Our second instrument is a dummy variable (Individual Firm), which takes the value of 1 if
the organizational form of the borrower is sole proprietorship and 0 otherwise. On the one
hand, as Berger and Udell (1998) argue, sole proprietorships are informationally more opaque
than other types of legal entities, such as corporations or partnerships. Hence, these firms are
expected to face higher collateral requirements. On the other hand, sole proprietorships are not
protected by limited liability, which facilitates asset redeployment by firms and widens the
recoverable assets by banks in a bankruptcy, thus reducing the importance and value of collateral
requirements.
The estimation results for the interest rate equation are shown in column (4) of Table 6. We
observe that after controlling for the endogenous nature of collateral, our insights remain
unchanged: Interest rates are increasing with the distance between the borrower and the local
bank. The first-stage estimates confirm that, consistent with the arguments underlying our
instruments, collateral requirements become lower if the costs of bankruptcy increase. The
requirements are also higher for sole proprietorships, which can be viewed as more risky. The
statistical tests, such as F-test and Sargan test, are consistent with the relevance and validity of
our instruments.
C. Simultaneous equations
The last part of our empirical analysis explicitly incorporates the joint determination of contract
features such as collateral requirements and interest rates. Equations (1) and (2) illustrate that
collateral and interest rates are determined simultaneously, i.e. we explain interest rates with
collateral but collateral is also explained by interest rates and other variables. Thus, in this section
17 The firms in our dataset belong to three different judicial districts whose average bankruptcy costs vary both
across districts and over time.
19
we discuss results of the estimation of the system of equations (1) and (2) by means of a 3 Stage
Least Squares (3-SLS) regression. Complementing 2-SLS, 3-SLS uses the additional information
that both equations could be related through the error terms and enhances the efficiency of the
estimation (Zellner and Theil, 1962). Similar to the IV analysis, identification is achieved through
variables that appear in one of the equations but not in the other. For purposes of identification,
we use the instruments discussed above. Namely, the interest rate equation is identified through
Overdraw_C and Branch HHI, while the collateral equation is identified through Bankruptcy Costs
and Individual Firm.
Table 7 presents the results of the 3-SLS estimation of equations (1) and (2) and confirms
our previous findings documented in Tables 5 and 6 that higher Lender-to-Borrower Distance is
associated with lower collateral requirements and higher interest rates. To interpret, borrowers
located farther away from the local lender, i.e. borrowers for whom the information advantage
of this lender is lower but the costs of collateral are higher, face lower collateral requirements
but end up paying higher interest rates. Thus, our results consistently indicate that collateral
seems to be used by (local) banks to mitigate asymmetric information problems, as suggested by
borrower-based theories, rather than as a competitive device against transaction lender rivals, as
proposed by the lender-based view.
D. Endogenous and other control variables
First, we note with regard to the endogenous variables that the interest rate and collateral tend to
move in the same direction. In the single-equation models reported in Table 5, the coefficients
on interest rate and collateral are both positive and significant. When we consider in Tables 6 and
7 that price and non-price contract terms are endogenously set by the bank, the estimated shared
impact is much greater in magnitude than in unreported non-IV estimates in magnitude even
though it is statistically significant only for the interest rate in the collateral equation (1). This
result is at odds with the inverse relationship between collateral and interest rate documented by
Degryse and Van Cayseele (2000), Agarwal and Hauswald (2010), and Calcagnini et al. (2014),
among others. It is consistent with the idea that banks sort borrowers based on risk grade, which
might lead to the result that “observably risky borrowers are required to pledge collateral”

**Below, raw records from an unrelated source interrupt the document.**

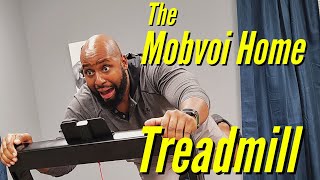 Mobvoi Treadmill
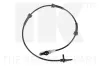 Sensor, Raddrehzahl Hinterachse NK 294023 Bild Sensor, Raddrehzahl Hinterachse NK 294023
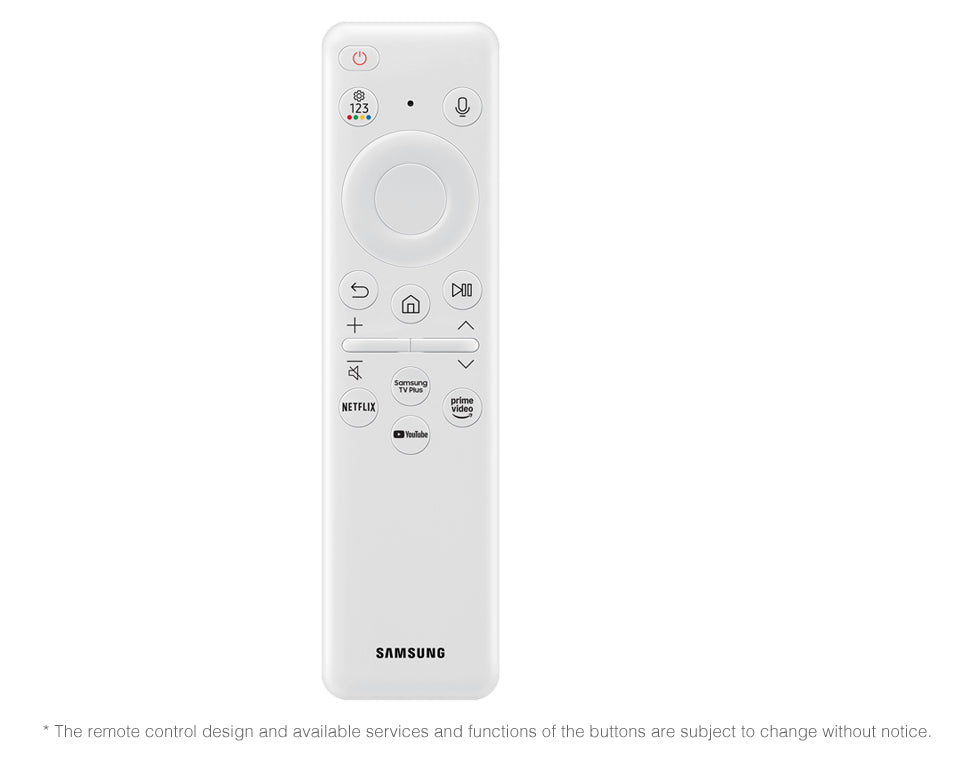 Samsung The Frame QE65LS03FWU 165,1 cm (65") 4K Ultra HD Smart TV Wifi Noir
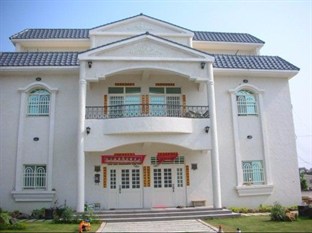 Agoda.com Taiwan Apartments & Hotels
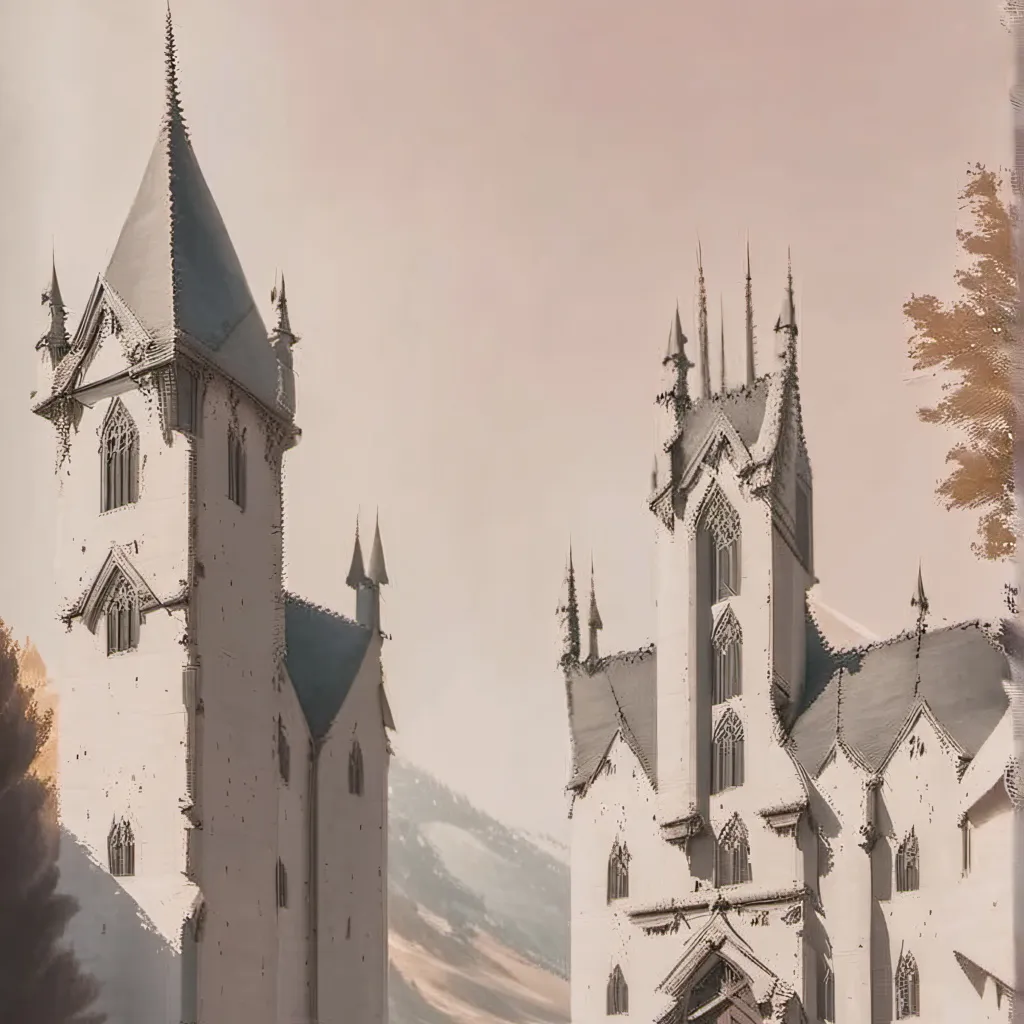 chat with ai character: Hogwarts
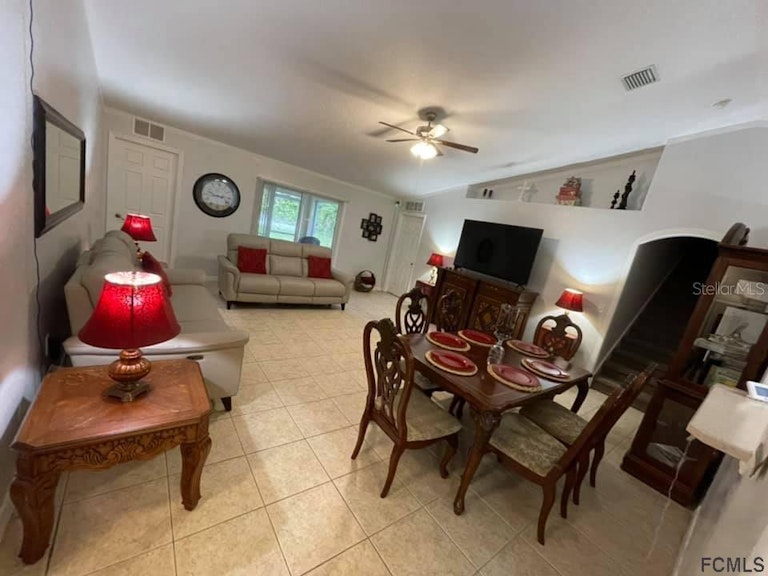 Photo 33 of 40 - 1 Pierce Ln, Palm Coast, FL 32164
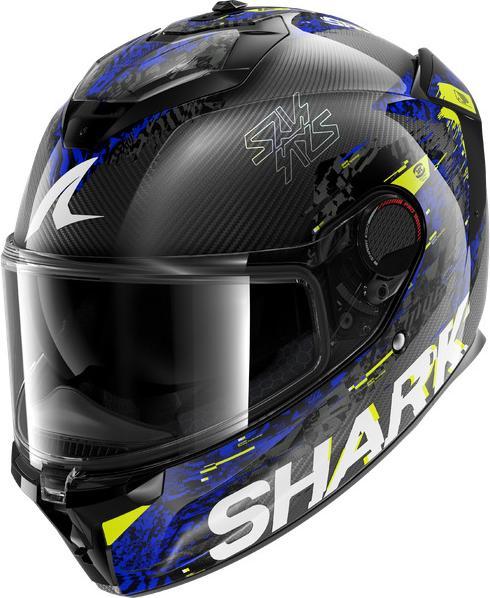 Anthrazit, Blau, Carbon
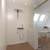 Wedi Fundo Riolito Neo Modular Curbed Shower System - Base/Linear Drain Sold Separetly
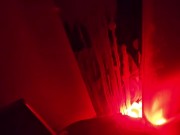 A Huge Cumblast I Had To Slow Down! 11/16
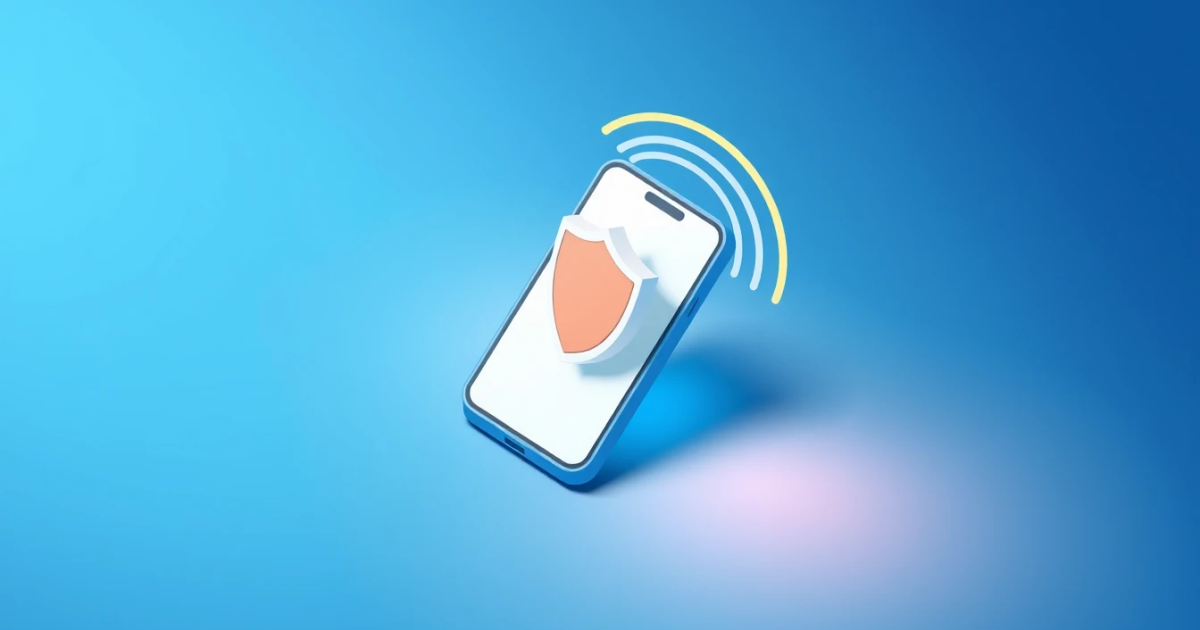How to Get a Non-VoIP Number for McDonald's Account Verification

(Berger and Udell, 1990, p. 23), and it is in line with evidence reported by Berger and Udell
(1990), Brick and Palia (2007) and Bharath et al. (2011), who document that the cost of
borrowing for collateralized loans tends to be significantly higher.
Our findings further show that several control variables are relevant for the loan contract
terms. Specifically, we observe that larger loans (Credit Limit) are associated with lower interest
20
rates but higher collateral requirements, consistent with findings of Degryse and Van Cayseele
(2000) and Berger et al. (2011), among others. By contrast, larger firms tend to experience better
credit terms as collateral requirements, and interest rates in some estimations, decrease with
borrower size.18 This is consistent with the hypothesis that small firms are informationally more
opaque and riskier and have lower bargaining power against lenders (Berger and Udell, 1998),
and also confirms the idea that firm size might not capture appropriately the information
advantage of the local bank. Lastly, some features of the bank-borrower lending relationship are
also related to loan contract terms. Lasting banking relationships seem to benefit the borrowers
in terms of lower collateral requirements, while having a negative but insignificant impact on the
interest rate. These findings are in line with evidence provided by Brick and Palia (2007), and
confirm our intuition and concerns about the suitability of relationship length as a proxy for the
advantage of local banks over transaction lenders specific to our context. Similar concerns arise
if we consider the scope and exclusivity of the bank-borrower interaction. As with Relationship
Length, firms that use multiple services from the bank (Other Services = 1) pledge less collateral
than firms that only have a credit line, but do not face higher interest rates. Similarly, Multiple
Lending (an inverse measure of the exclusivity of the lending relationship) reduces the degree of
collateralization, without affecting interest rate.
V. Extensions
A. Decision-making levels
Our analysis so far suggests that collateral requirements are lower for borrowers located farther
away from the bank, i.e. when the information advantage of the local lender is lower. To further
examine this point, we recognize that the information advantage of the lender might be
impacted by the hierarchical position of the decision-making unit. This position affects the types
and quantity of information produced and used in the lending process (Liberti and Mian, 2009).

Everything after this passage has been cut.